When the maximum iteration number selection verification is performed, if the training process of any gradient lifting tree fails to be executed due to the problems of insufficient hardware resources and the like, the ROC-AUC value of the gradient lifting tree is recorded as 0.
According to the embodiment, the maximum iteration number selection verification is performed on the gradient lifting tree trained under each branch according to the verification data set, so that the performance average value corresponding to the gradient lifting tree trained under each branch is obtained, and the parameter value with the optimal maximum iteration number can be determined through the performance average value corresponding to the gradient lifting tree trained under each branch.
Referring to fig. 9, fig. 9 is a schematic flowchart of a sub-step of maximum leaf node selection training provided in an embodiment of the present application, and step S304 may further include the following step S601 and step S602.
Step S601, determining a third parameter value set, where the third parameter value set includes a parameter value corresponding to the learning rate, a parameter value corresponding to the maximum iteration number, and a parameter value corresponding to the minimum sample number.
In some embodiments, the third parameter value set may be generated by combining the parameter value corresponding to the learning rate, the parameter value corresponding to the maximum number of iterations, and the parameter value corresponding to the minimum number of samples.
Since the learning rate, the maximum iteration count, the maximum number of leaf nodes, and the minimum number of samples required for the leaf nodes are all variable super parameters in the gradient-lifted tree, the parameter values of the learning rate, the maximum iteration count, and the minimum number of samples required for the leaf nodes need to be fixed when the maximum leaf node count selection training is performed.
For example, the candidate parameter values of the learning rate, the maximum iteration number, and the minimum number of samples required for the leaf node may be randomly combined, for example, the parameter value corresponding to the learning rate may be 0.01, the parameter value corresponding to the maximum iteration number may be 100, and the parameter value corresponding to the minimum number of samples required for the leaf node may be 15.

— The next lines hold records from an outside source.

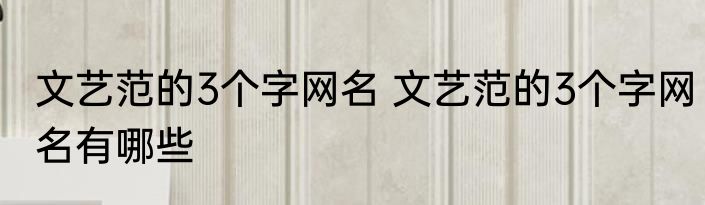 文艺范的3个字网名 文艺范的3个字网名有哪些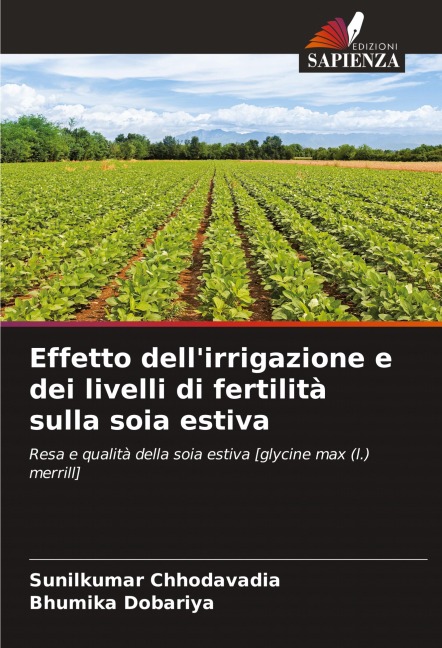 Effetto dell'irrigazione e dei livelli di fertilità sulla soia estiva - Sunilkumar Chhodavadia, Bhumika Dobariya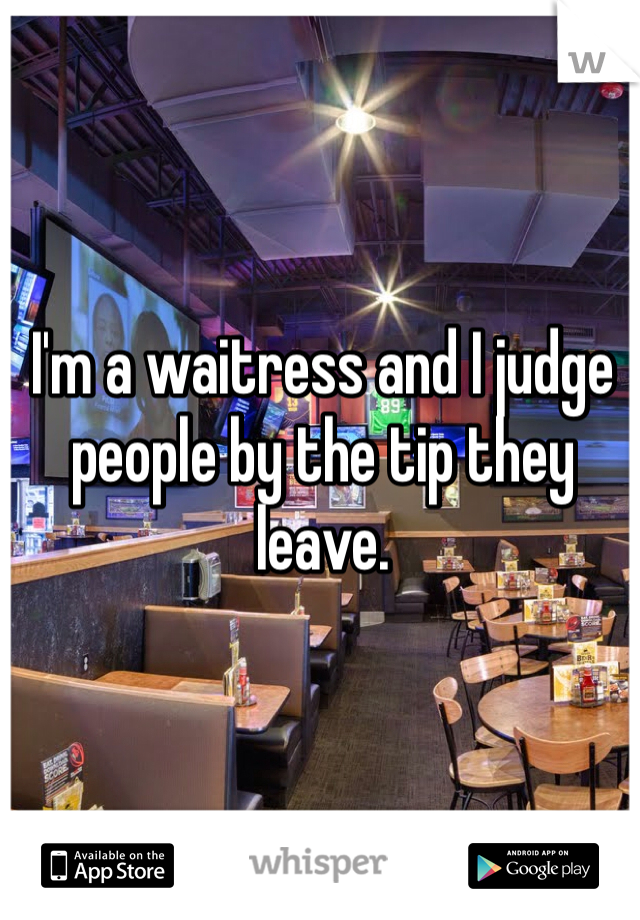 I'm a waitress and I judge people by the tip they leave. 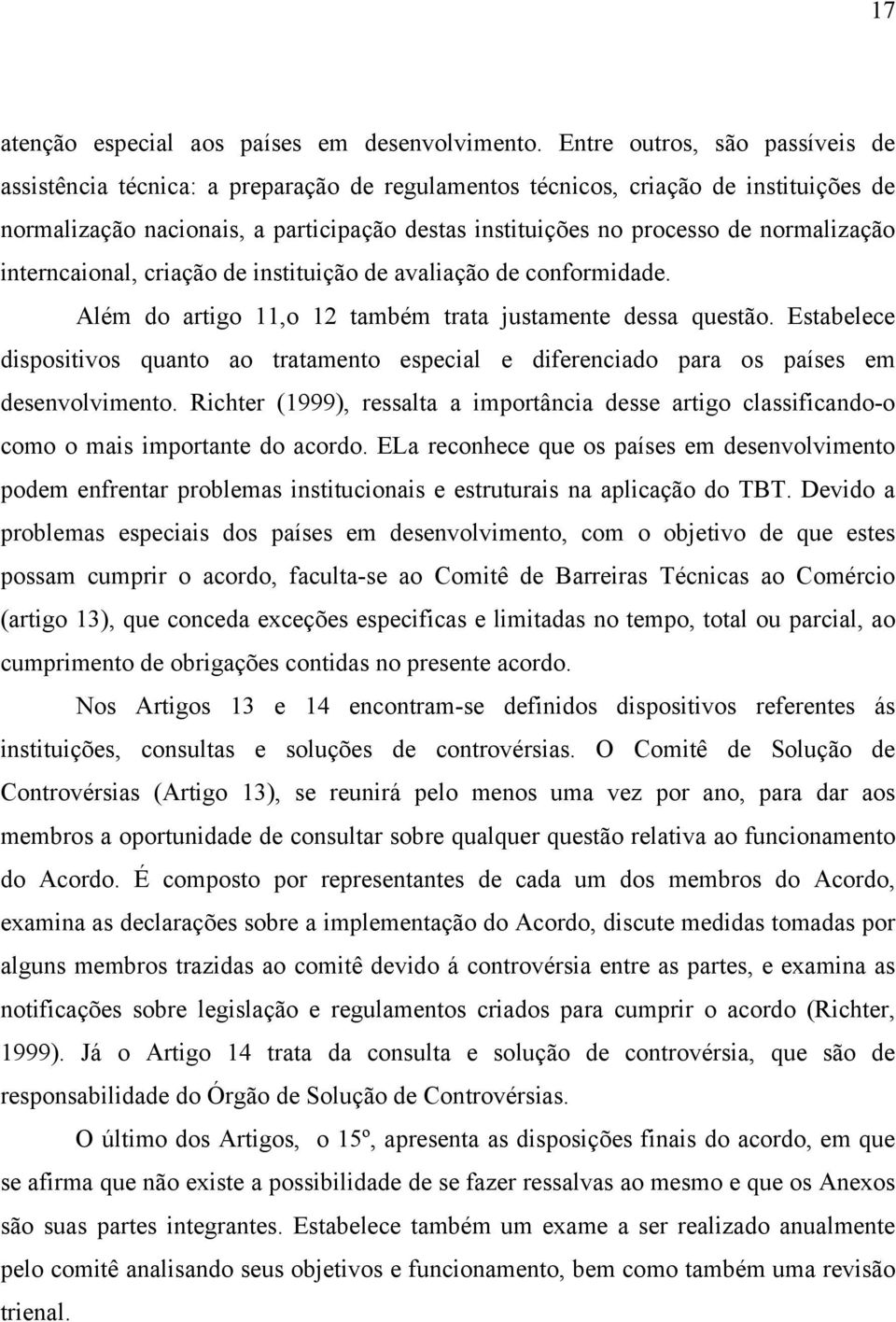 normalização interncaional, criação de instituição de avaliação de conformidade. Além do artigo 11,o 12 também trata justamente dessa questão.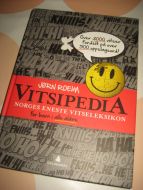 ROEIM, JØRN: VITSIPEDIA. NORGES ENESTE VITSEBOK. 2014.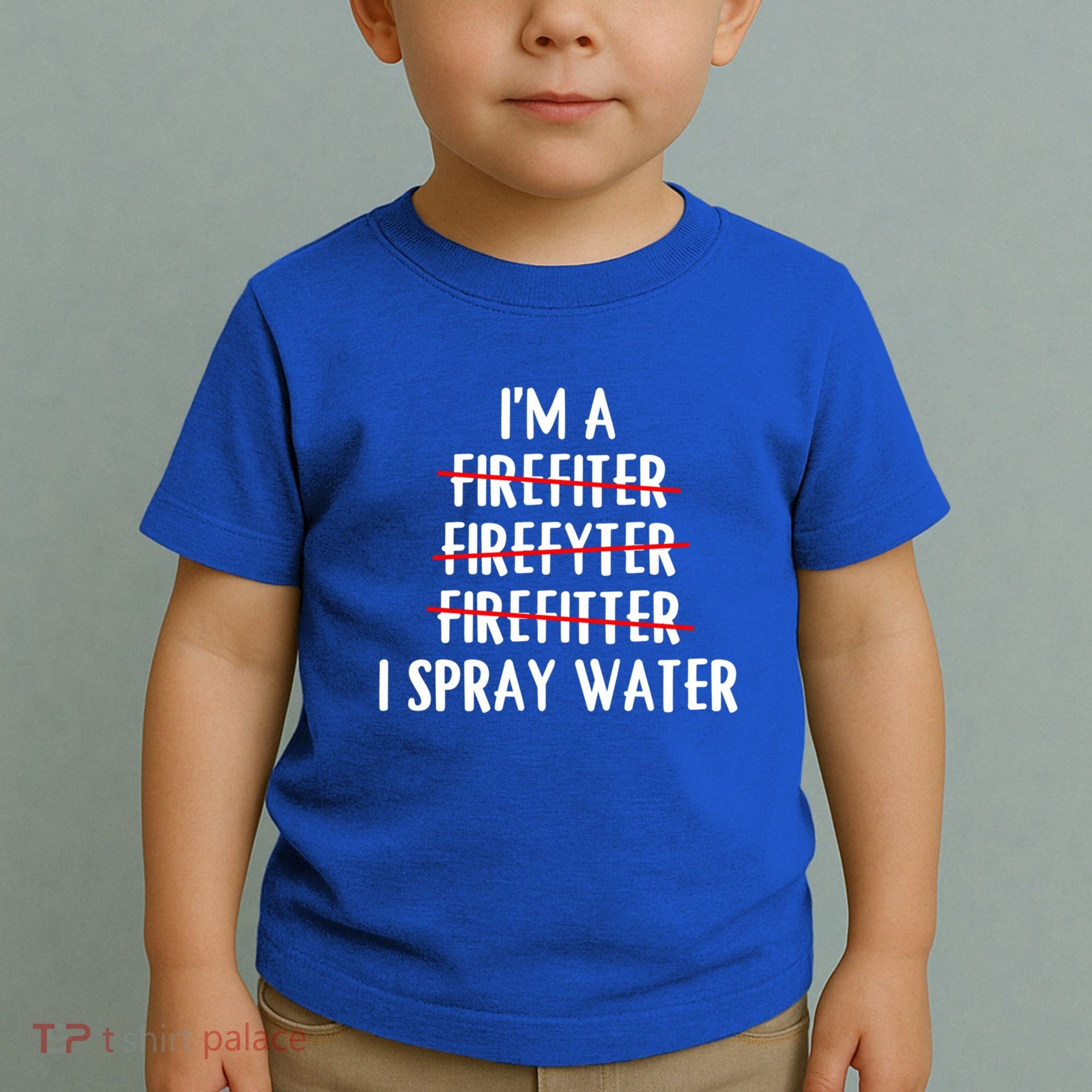 IM A Firefighter I Spray Water Funny Fire Firefighting Gift Toddler T-Shirt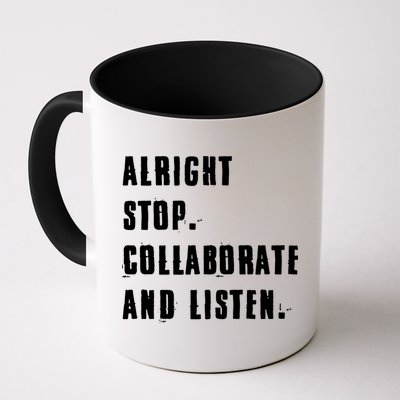 Alright Stop Collaborate And Listen Mug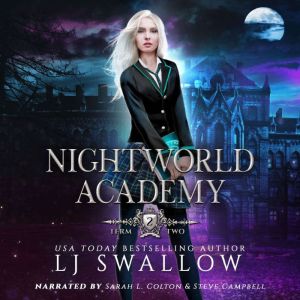 Nightworld Academy Term Two, LJ Swallow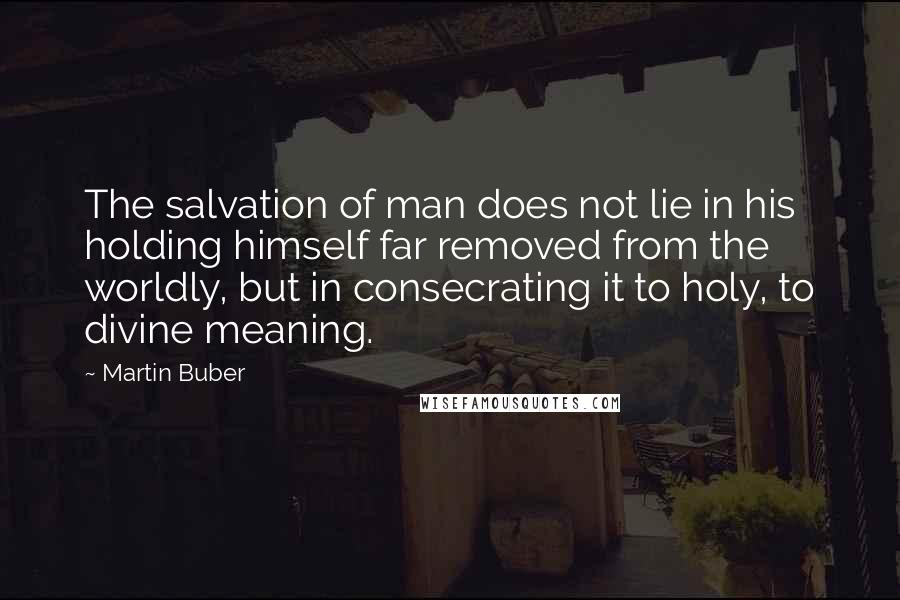 Martin Buber Quotes: The salvation of man does not lie in his holding himself far removed from the worldly, but in consecrating it to holy, to divine meaning.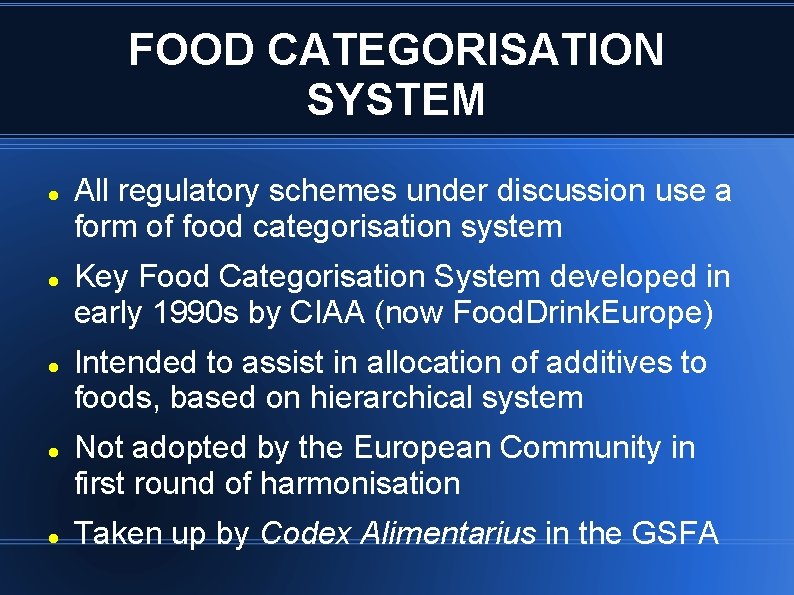 FOOD CATEGORISATION SYSTEM All regulatory schemes under discussion use a form of food categorisation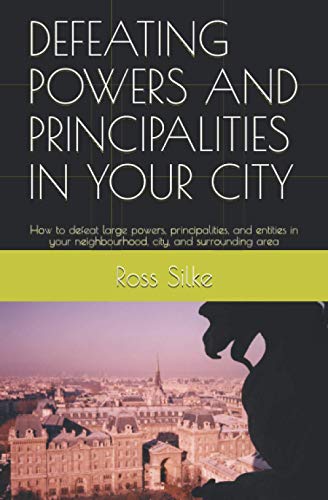 Stock image for DEFEATING POWERS AND PRINCIPALITIES IN YOUR CITY: How to defeat large powers, principalities, and entities in your neighbourhood, city, and surrounding area for sale by Ria Christie Collections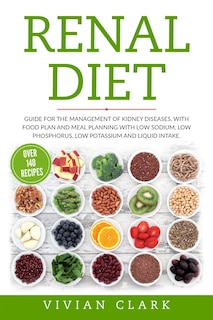 Renal Diet: Guide for the Management of Kidney Diseases, with Food Plan and Meal Planning with Low Sodium, Low Phosphorus, Low Potassium and Liquid Intake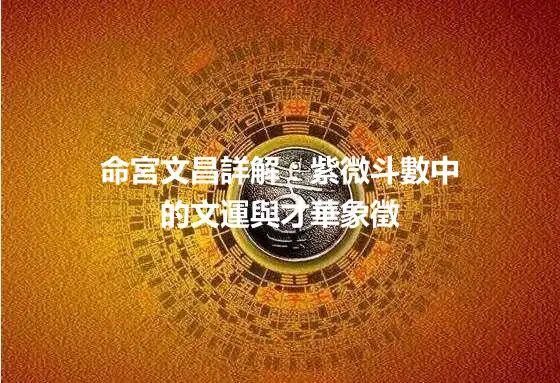 命宮文昌詳解：紫微斗數中的文運與才華象徵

According to the embodiment, the parameter value corresponding to the learning rate, the parameter value corresponding to the maximum iteration number and the parameter value corresponding to the minimum sample number are fixed, so that only one variable of the maximum leaf node number can be realized when the maximum leaf node number selection training is performed, and the influence of the learning rate, the maximum iteration number and the minimum sample number on the training accuracy is avoided.
Step S602, according to the third parameter value set, performing maximum leaf node number selection training on the initial gradient lifting tree under the branch corresponding to each candidate parameter value, and obtaining a performance average value corresponding to the gradient lifting tree under each branch.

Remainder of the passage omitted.